As the concept of corporate social performance (CSP) gains credence throughout the business world—with firms spending millions on social programs such as better labor practices and environmental stewardship—the obvious and inevitable question is whether such programs help the bottom line. Up until now, both academic and internal corporate studies have produced only equivocal results. Instead of trying to find some direct correlation between social and financial measures, as previous studies attempted, a new research model by Jesse H. Jones Graduate School of Management professors Douglas Schuler and Margaret Cording views consumer behavior as the key ingredient to understanding the potential relationship. “What we found that could be powerful for some companies,” says Schuler, “is that there’s potentially money to be made from these social activities.”
The research, published in the Academy of Management Review, first considers how firms convey information to the public about their social programs. It then looks at how consumers use or don’t use that information in their purchasing decisions. One of the keys to the purchase is the consumer’s moral orientation. The researchers argue that a company’s social activities can lead to financial gains by impacting consumers’ decisions only when there is ample information about a company’s social performance and the consumers are more focused on others as opposed to themselves.
Schuler and Cording plan to test their model soon with a consumer survey, but in the meantime, the research offers some immediate real-world implications for managers, particularly regarding the ways firms segment their markets.
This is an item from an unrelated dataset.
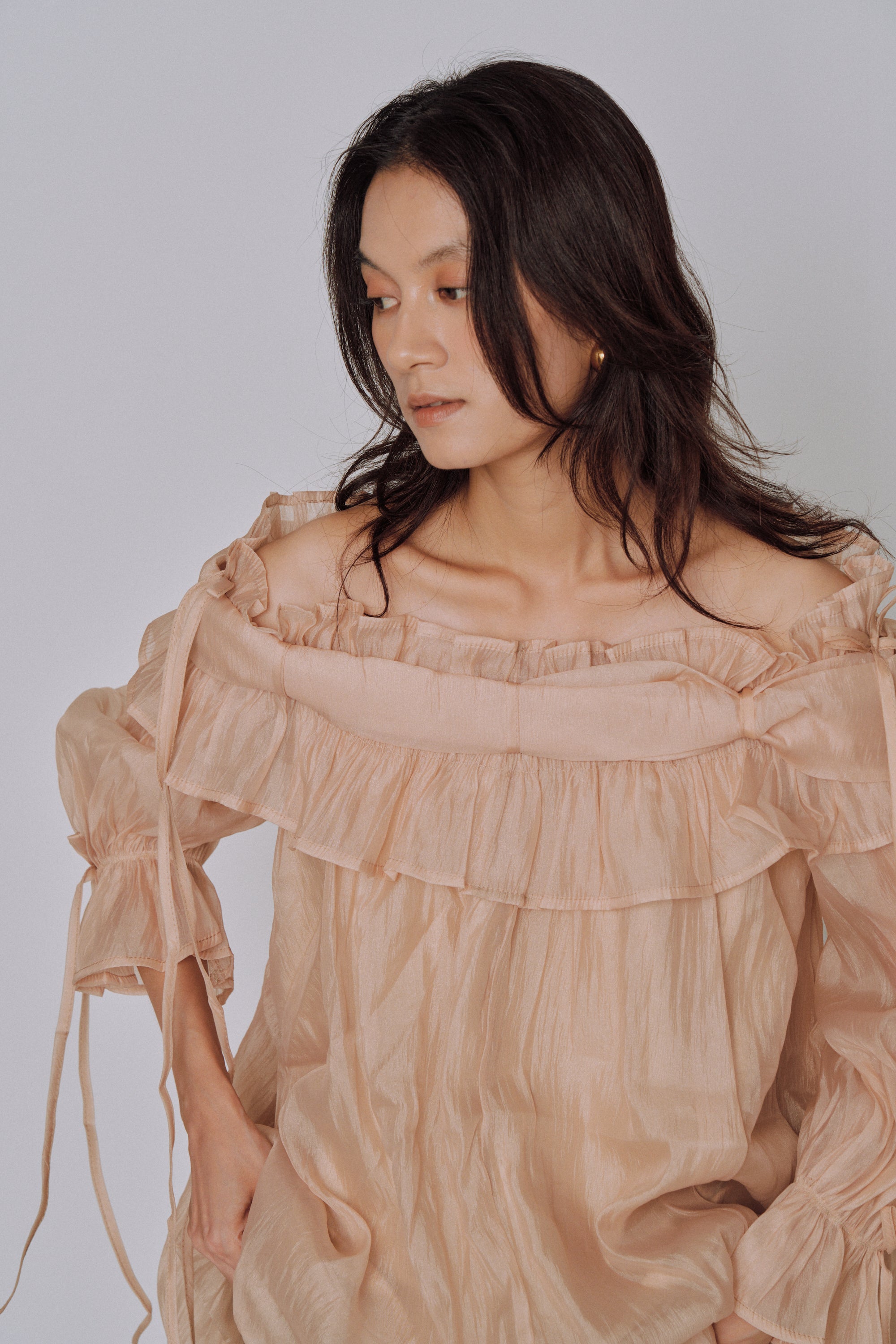 Cloud Ruffle Off-Shoulder Blouse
The authors argue that some consumers give more weight than others to information about companies’ social performance and that understanding who those consumers are would allow companies to target their CSP messages accordingly.
“A bunch of men watching a football game together probably don’t care as much as a woman watching Lifetime whether Budweiser has a program to support needy children,” Schuler notes. “If you can segment your customers on certain ethical characteristics, you’ll have a better idea of what you have to gain from these social activities.”
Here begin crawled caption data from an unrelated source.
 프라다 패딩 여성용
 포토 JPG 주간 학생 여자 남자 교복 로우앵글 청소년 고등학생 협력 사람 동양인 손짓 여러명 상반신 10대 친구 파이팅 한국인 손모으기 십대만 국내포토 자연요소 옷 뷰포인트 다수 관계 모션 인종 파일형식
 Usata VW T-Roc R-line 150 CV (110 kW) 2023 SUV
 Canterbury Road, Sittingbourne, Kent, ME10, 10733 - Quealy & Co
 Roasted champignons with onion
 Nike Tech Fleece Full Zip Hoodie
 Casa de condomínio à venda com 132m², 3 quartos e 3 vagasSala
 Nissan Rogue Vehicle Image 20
In addition, the authors argue that the message about a company’s social performance programs is more powerful if it comes from a third party not connected to the company, such as a media outlet or a social watchdog organization—trusting Nike less, say, than the San Francisco Chronicle or Human Rights Watch. This suggests that managing relationships with appropriate third-party groups is critical.
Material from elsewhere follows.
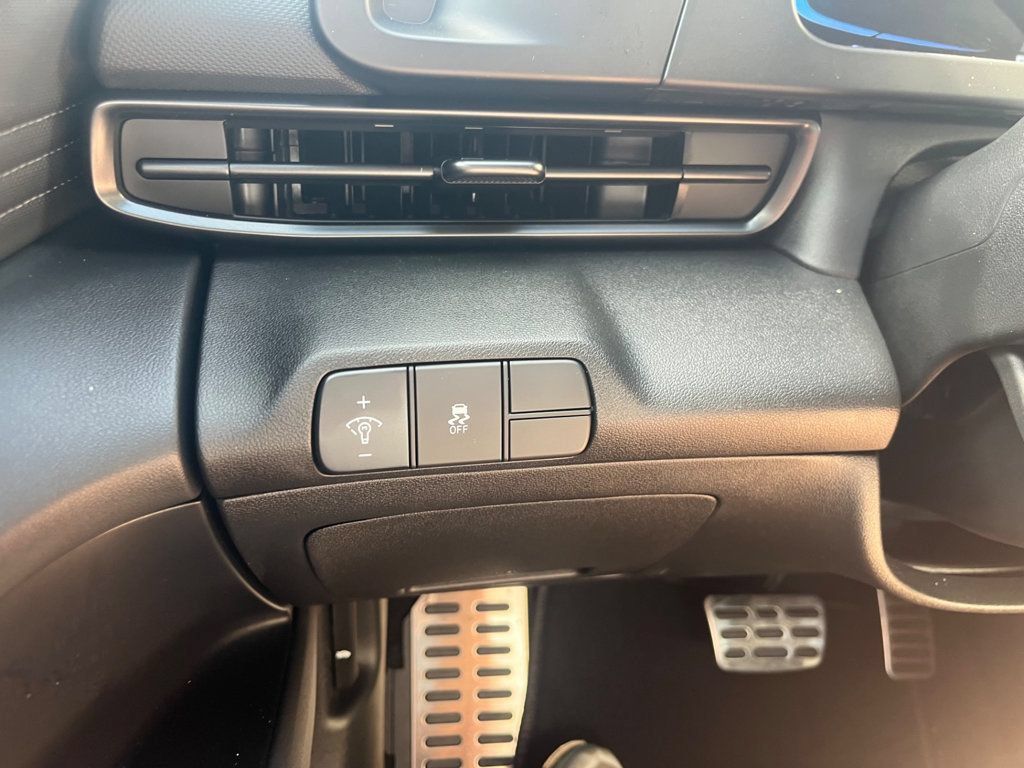 Used 2025 Hyundai Elantra Sport FWD image 17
Companies with a positive CSP image also need to be vigilant to maintain that image, because they have the most to lose in the face of unfavorable news. “It’s almost a tabloid-type proposition,” Schuler says. “We live to find dirt about movie stars, so companies that have very strong reputations really need to be careful to not have some internal scandal or something else of the sort come to light.”
The authors limited their study to consumers—as opposed to other corporate stakeholders such as investors and employees—and looked exclusively at buying behavior connected with “high-involvement” goods like cars and home electronics, since consumers are more likely to research these purchases—and thus evaluate CSP information—than daily household goods they routinely buy. Ultimately, once information about a company’s CSP reputation reaches consumers, the buyer’s own moral compass plays a key role in the final buying decision.